Perhaps much more of the meaning of Duchamp's work, Professor Dutton, is to be grasped through history rather than in our pre-historical genetic inheritance. Perhaps his work is a response to the age of mechanical production, when beautiful objects can be mass-produced by machines, robbing them of their connection to human virtuosity and the touch of the master artisan's hand. Perhaps the rise of exhibitions of art themselves, as a large institutional reality beginning about fifty years before Duchamp, is a precondition for the work his readymades do. Perhaps these developments bring forth a new kind of artist, who is revealed as someone whose works begin to comprehend and conceptualize modern conditions, even to satirize–not an unheard of function in art–while demonstrating mastery of form. You seem not to have considered why so many take real pleasure in Duchamp's work, and the humor it contains, in your rush to prove the transhistorical rules by which you say art must play–even if that means your account must end well short of and even reject the recent past, in order to preserve what, from my vantage, looks like an ungenerous delegation of the status of “art” to only those works that meet your personal fancy.

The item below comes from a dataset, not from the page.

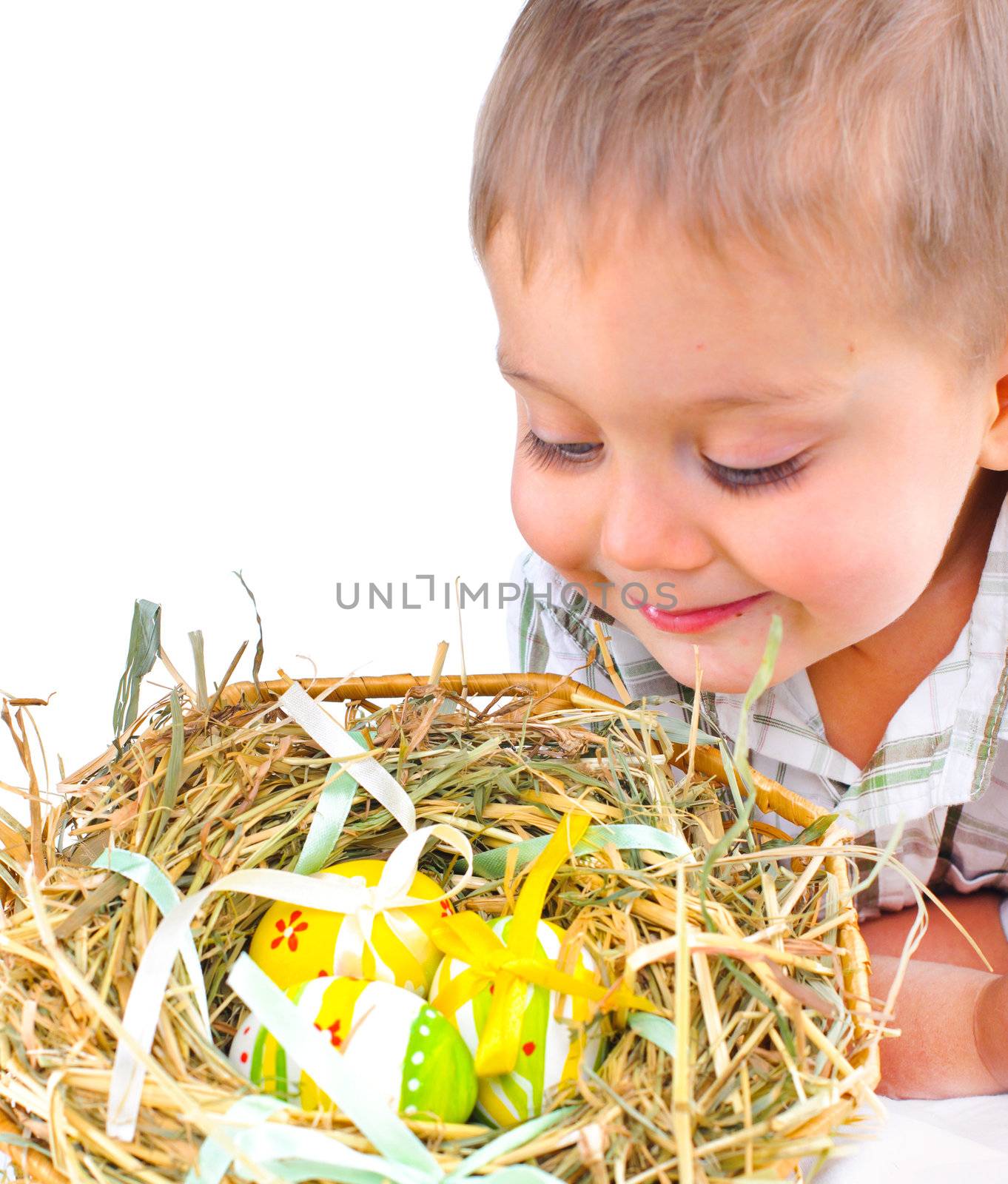 Little boy with easter eggs in basket by maxoliki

In the middle of your book, you write “video games do not… much improve on the older kinds of games and fictions, except by the addition of intense visual or virtual-reality effects. (Someday, a video-game version of King Lear may allow players to step into the action, even to save poor Cordelia if they play skillfully enough. Whatever the fun, this will not be an enhancement of Shakespeare.)” To me, this doesn't sound like an open, Darwinian investigator of the full range of human play and art-making. It sounds like the voice of the kind of old-fashioned cultural guardian I associate with certain cranky literature professors. By the way, some very thought-provoking and beautiful art is currently being made out of video games. You might want to check out Cory Arcangel: he limits himself to nothing in his search for new material, and he's having a lot of fun.